0

I need to write a function, get_words_from_file(filename), that returns a list of lower case words. Your function should only process lines between the start and end marker lines. The words should be in the same order as they occur in the file. Here's a sample text file: baboosh.txt:

*** START OF TEST CASE ***
......list of sentences here.....
*** END OF TEST CASE ***
This is after the end and should be ignored too.

Here's what I came up with:

import re
from string import punctuation

def stripped_lines(lines):
    for line in lines:
        stripped_line = line.rstrip('\n')
        yield stripped_line


def lines_from_file(fname):
    with open(fname, 'rt') as flines:
        for line in stripped_lines(flines):
            yield line


def is_marker_line(line, start='***', end='***'):
    '''
    Marker lines start and end with the given strings, which may not
    overlap. (A line containing just '***' is not a valid marker line.)
    '''
    min_len = len(start) + len(end)
    if len(line) < min_len:
        return False
    return line.startswith(start) and line.endswith(end)

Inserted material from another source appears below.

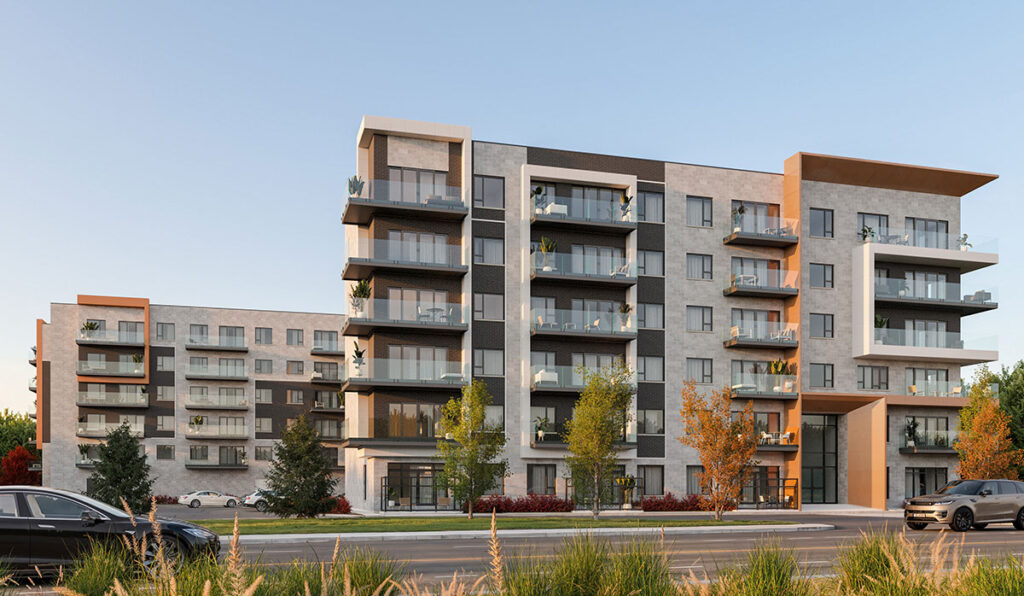 Projet de condos locatifs à Saint-Constant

def advance_past_next_marker(lines):
    '''
    '''
    for line in lines:
        if is_marker_line(line):
            break


def lines_before_next_marker(lines):

    valid_lines = []
    for line in lines:
        if is_marker_line(line):
            break
        line.replace('"', '')
        valid_lines.append(line)


    for content_line in valid_lines:
        yield content_line


def lines_between_markers(lines):
    '''
    Yields the lines between the first two marker lines.
    '''
    it = iter(lines)
    advance_past_next_marker(it)
    for line in lines_before_next_marker(it):
        yield line


def words(lines):
    text = '\n'.join(lines).lower().split()
    return text


def get_words_from_file(fname):
    return words(lines_between_markers(lines_from_file(fname)))

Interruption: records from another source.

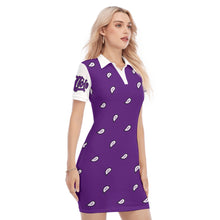 Load image into Gallery viewer, UTO IV Women&#39;s Polo Collar Dress
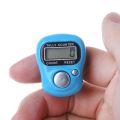 Mini Mini Stitch Marker And Row Finger Counter LCD Electronic Digital Tally Counter For Sewing Knitting Weave Tool Finger Random
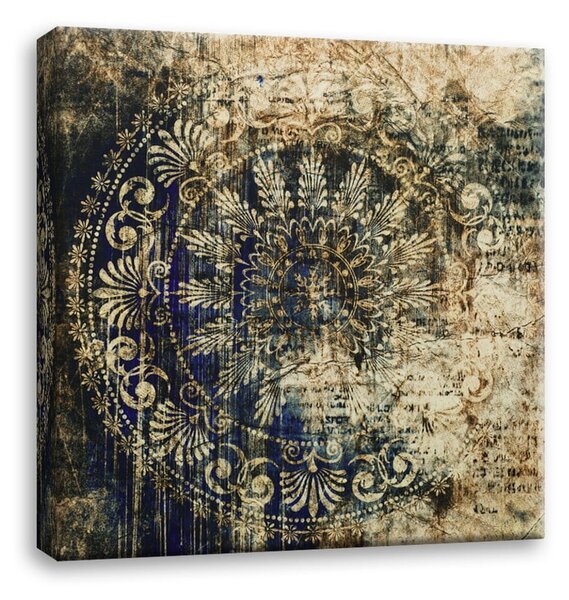 Obraz Styler Canvas Silver Uno Zambino, 65x65 cm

#This is the test code that must be executed
filename = "baboosh.txt"
words = get_words_from_file(filename)
print(filename, "loaded ok.")
print("{} valid words found.".format(len(words)))
print("Valid word list:")
for word in words:
    print(word)

My Output

I am getting the correct word list. But when printed, I am getting punctuation such as colons, semi-colons, and periods. I dont know how else to get rid of these.

How can I do this?

  • 1
    You can check this - https://stackoverflow.com/questions/16050952/how-to-remove-all-the-punctuation-in-a-string-python – PySaad Oct 19 '18 at 06:19

1 Answers1

1

Use re.split instead of str.split. If you set up a compiled regex like this:

splitter = re.compile('[ ;:".]')

then you can split your lines with:

word_list = splitter.split(line)

That will return the words without the punctuation.

Tumbislav
  • 119
  • 2